**Data provided**
Content starts

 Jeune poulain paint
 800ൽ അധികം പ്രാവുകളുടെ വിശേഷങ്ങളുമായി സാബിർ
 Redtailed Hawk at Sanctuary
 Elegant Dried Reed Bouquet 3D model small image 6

Content ends
Content starts

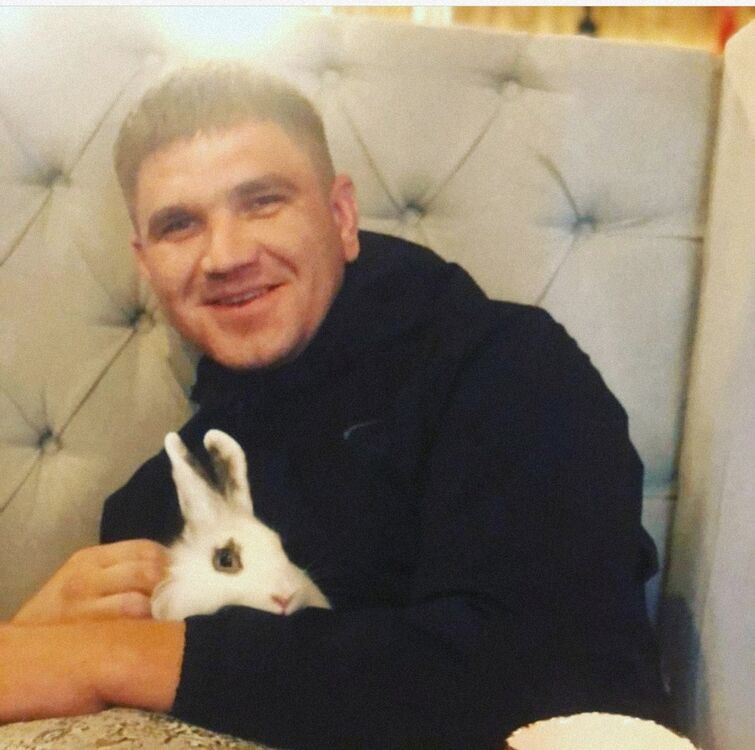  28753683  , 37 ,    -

Content ends
Content starts

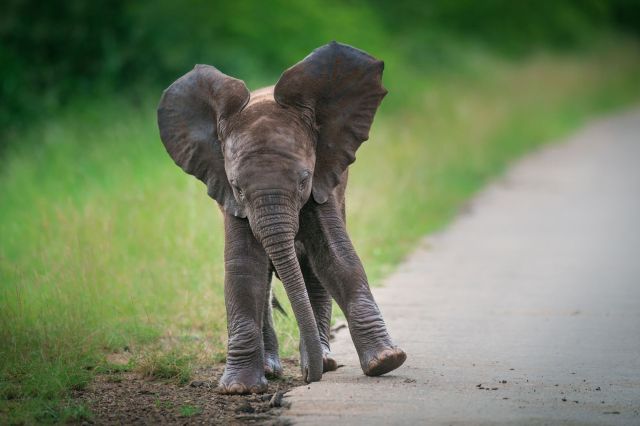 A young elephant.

Content ends

**Required work**
Looking at the records above, return exactly the lines from the line with "Jeune poulain paint" to the line with "Elegant Dried Reed", both ends included.

**Exercise output**
 Jeune poulain paint
 800ൽ അധികം പ്രാവുകളുടെ വിശേഷങ്ങളുമായി സാബിർ
 Redtailed Hawk at Sanctuary
 Elegant Dried Reed Bouquet 3D model small image 6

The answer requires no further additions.